おおおー(笑) 新しい!紙とペンは使わないのですか?

いえ、そんなことはないです!ネームはノートにまず書きます。ネームよりも前の段階のノートがあって、人外の形を決めるのも同じノートでやります

話を思いつくのと、形を思いつくのはどちらの方が先ですか?

話が先です。キャラクターの見た目は、お話を描き始めてから考えます。名前と形だと、名前や設定が先に決まります。プロットからですね。みんなほぼ、キャラクターが先でどんな見た目にしようかと考えて……といった感じですね


絵の描き方、キャラクターの作り方

ちなみに、人外はいつからお好きだったのですか?

高校の頃からです。「人外」という言葉が生まれる前から、人以外のものが好きでした。子ども向けの作品が好きだったので

(編)絵を描く対象として人外がお好きだったのでしょうか。
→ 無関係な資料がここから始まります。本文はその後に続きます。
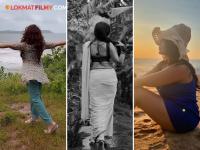 रिपोर्टरची नोकरी सोडून अभिनयाकडे वळली, नातेवाईकांकडे राहून दिवस काढले, आज 'ती' मराठीतली स्टार, ओळखलं का? - Marathi News | actress prarthana behere left her job as a reporter and turned to acting know about her film industry journey | Latest filmy Photos at Lokmat.com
それとも、「人間」を書く上で、「人外」という形の方が描きやすかった?

形については人外の方が描きやすいという理由も一つにありましたが、人間を描くのは他の作家さんがされているので、自分は違うものが描きたいということもありました

人外の造形についてもお伺いしたいのですが、わりといろんな顔がありますよね。みんな味のあるよい顔ですけれど、こういった造形はどこから浮かぶのでしょう

いろいろですね。他の作品を参考にしたり。毎回ちょっとしんどいけれど(笑)

大変ですよね(笑)同じパターンの人があまりいない

(編)しかも一話につき、新キャラが一人出てくる(笑)

表情を描くのも難しいですよね。本来はないものに表情を与えている。でもみんな表情豊かで、人外なのに人っぽい。ところで絵は、ペンで描かれているのでしょうか

いえ、全部デジタルです。もう最初から、全部。昔は付けペンも使っていたんですけれど。板タブも持っていました。マンガを初めてちゃんと描いた時はアナログで描いていましたが、あまり合わなかったですね。めんどくさがり屋なので

網掛けや描き方が紙由来の独特さかと感じていたので、驚きです。この質感をデジタルで出せるんですね……!以前の作品、たとえば『エルマン』(comico掲載)はカラーでマンガを描いてらっしゃいましたけれども、この作品はモノクロです。描き方に違いはありましたか?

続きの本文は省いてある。